### [PROBLEM]
Everything from the line that contains "What’s Hot: Embarrassing" to the final line of the data, both ends included, must be set down exactly, apart from the pictures.
*** DATA TO PROCESS ***
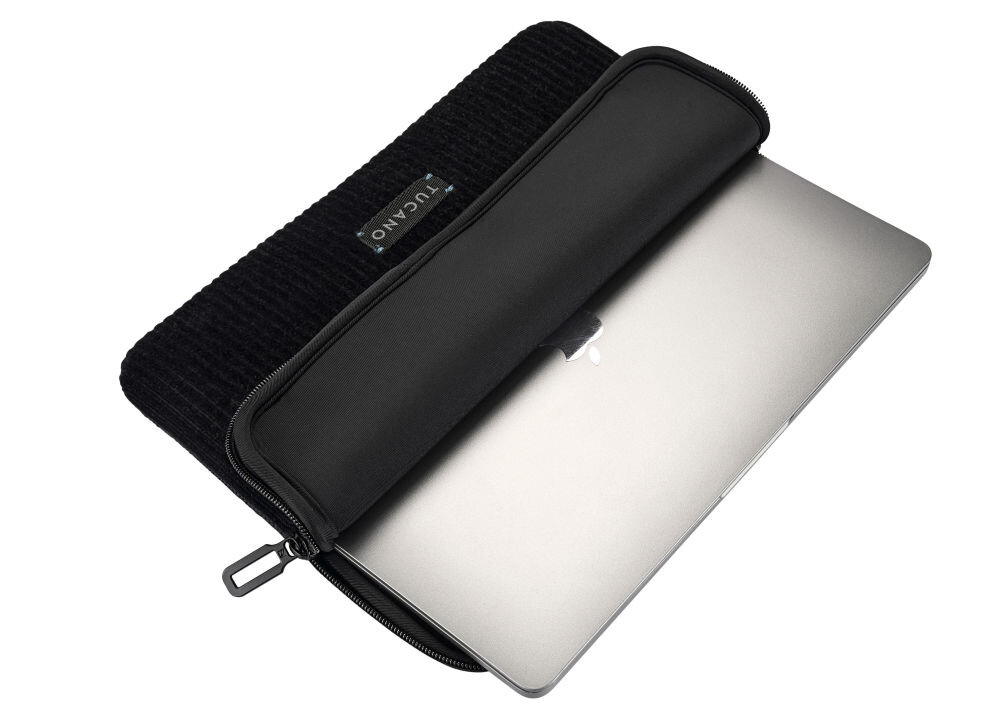 Czarne etui na laptopa z widocznym logo \'TUCANO\', częściowo otwarte, z wystającym srebrnym laptopem. Etui ma zamek błyskawiczny i teksturowaną powierzchnię.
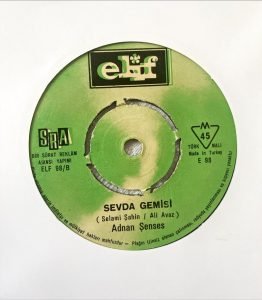 Adnan Şenses - Aşkta Çok Yenisin / Sevda Gemisi 45'lik Plak - Görsel 3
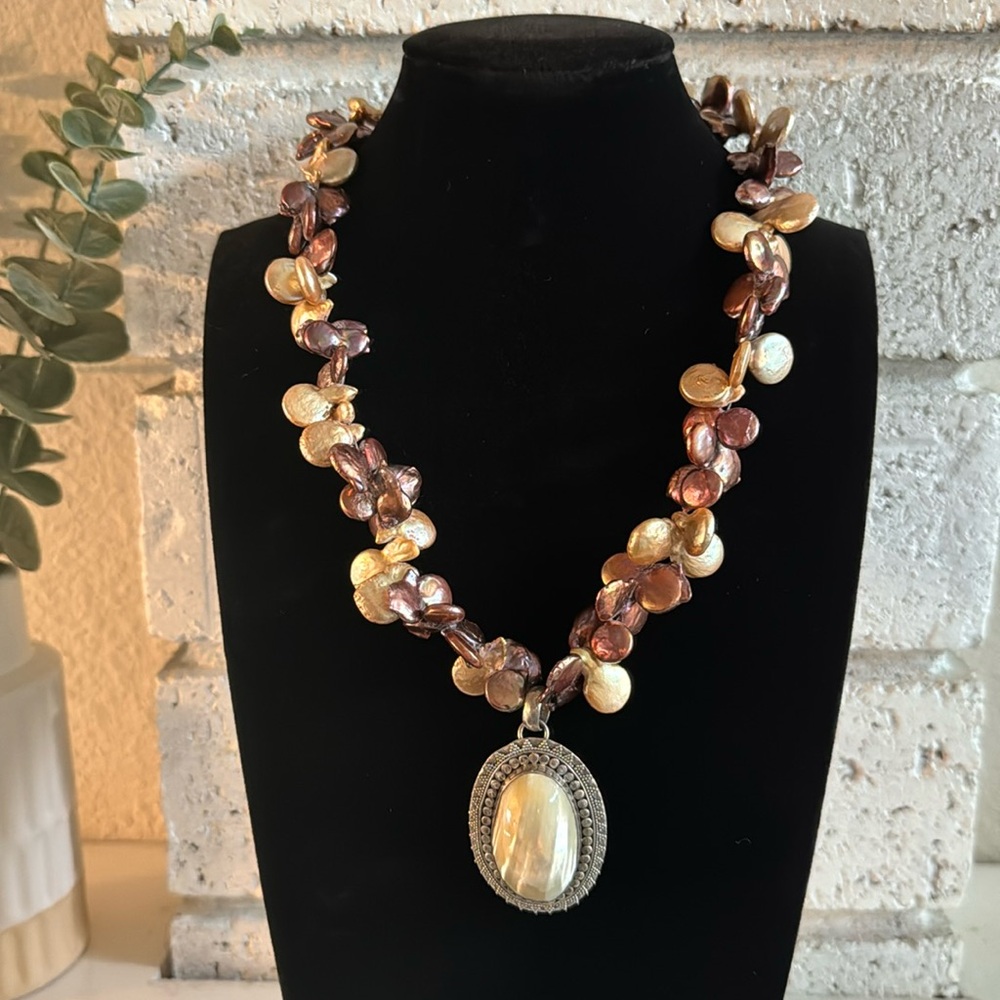 NWOT Freshwater Pearl Necklace with Mother of Pearl 925 Pendant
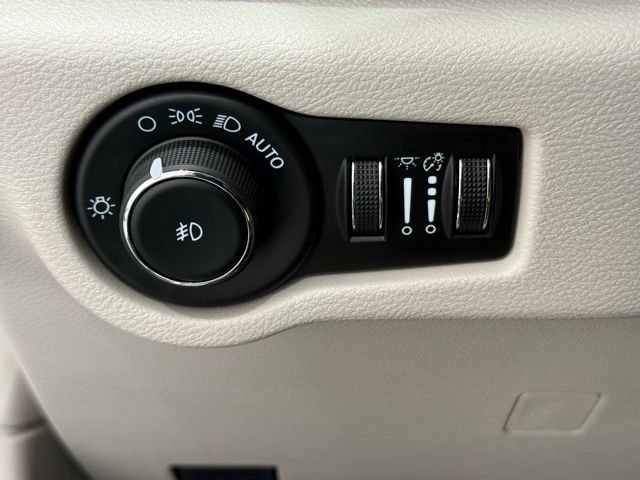 Used 2024 Chrysler Pacifica Touring-L image 34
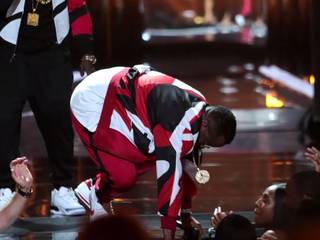 What’s Hot: Embarrassing (hilarious?) celebrity falls
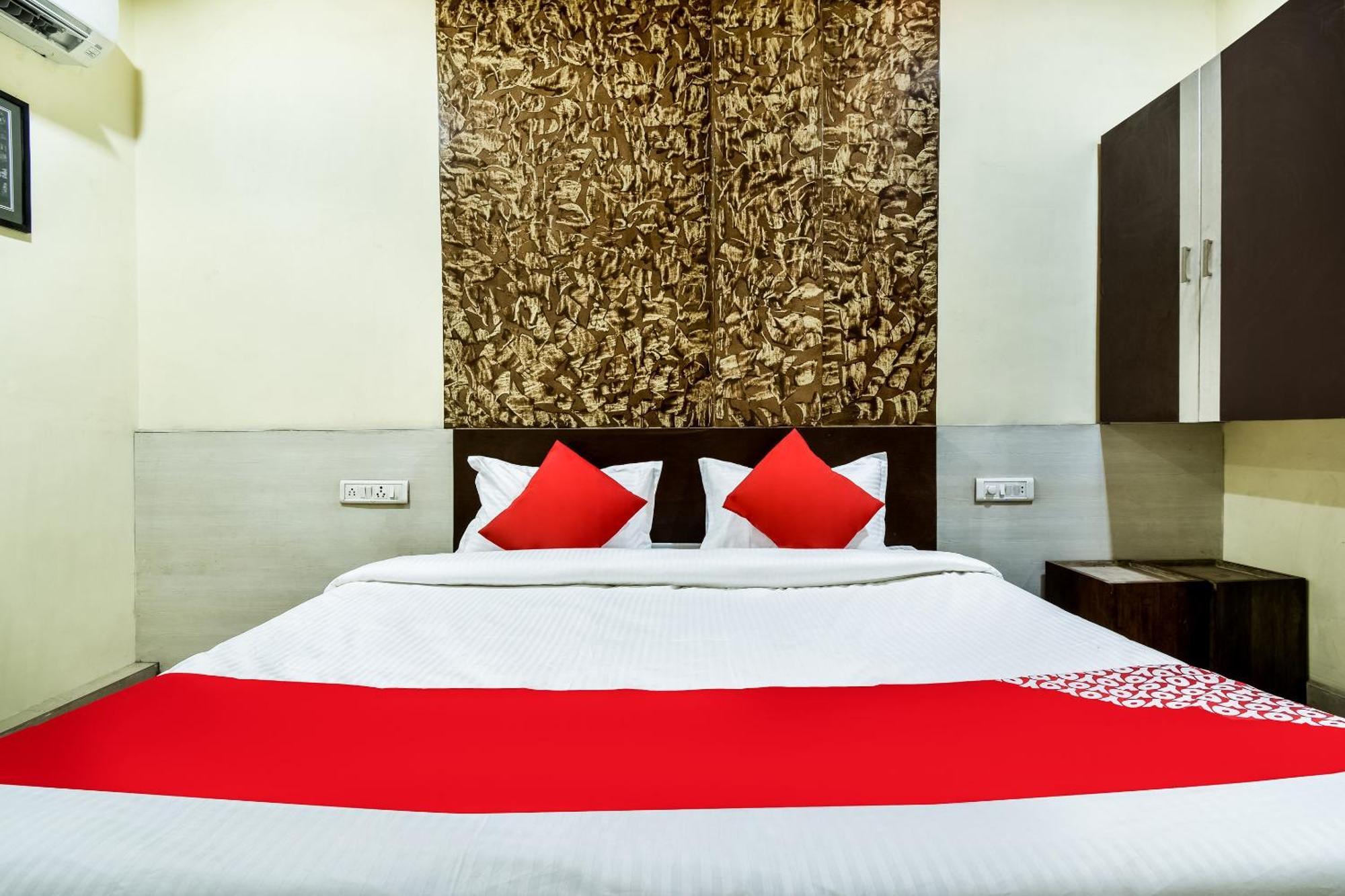 OYO 69828 Hotel Aryan Khamgaon Bagian luar foto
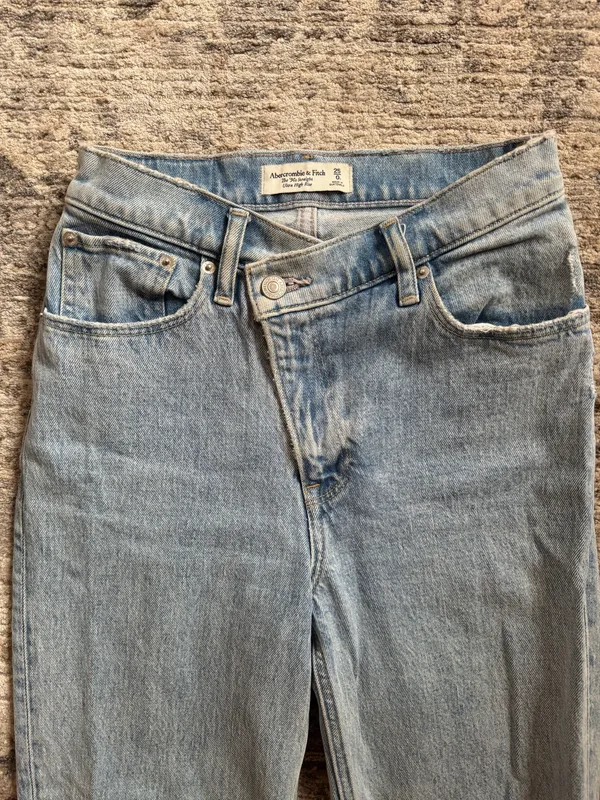 Abercrombie 90s Straight Ultra High-Rise - Image 2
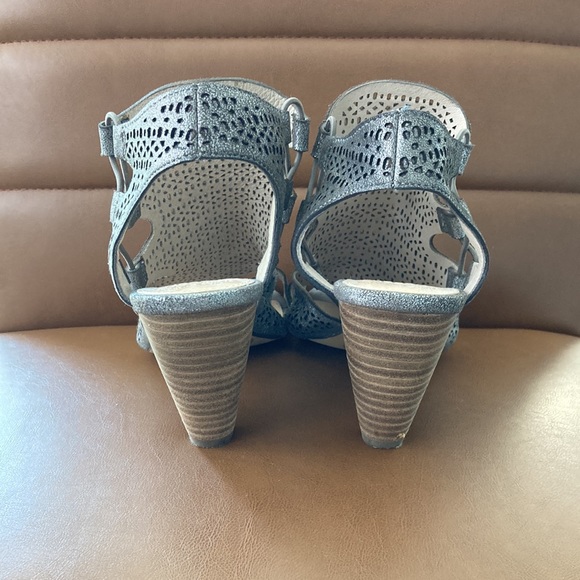 NWOT Wedge Sandals- Size 7 - Picture 4 of 8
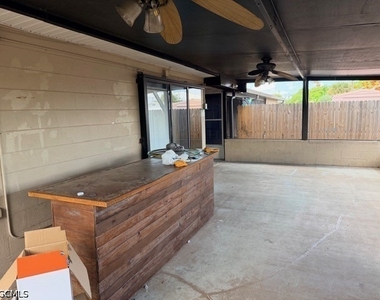 1113 Vineyard Street - Photo Thumbnail 12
*** End of DATA TO PROCESS ***
### [TASK SOLUTION]
 What’s Hot: Embarrassing (hilarious?) celebrity falls
 OYO 69828 Hotel Aryan Khamgaon Bagian luar foto
 Abercrombie 90s Straight Ultra High-Rise - Image 2
 NWOT Wedge Sandals- Size 7 - Picture 4 of 8
 1113 Vineyard Street - Photo Thumbnail 12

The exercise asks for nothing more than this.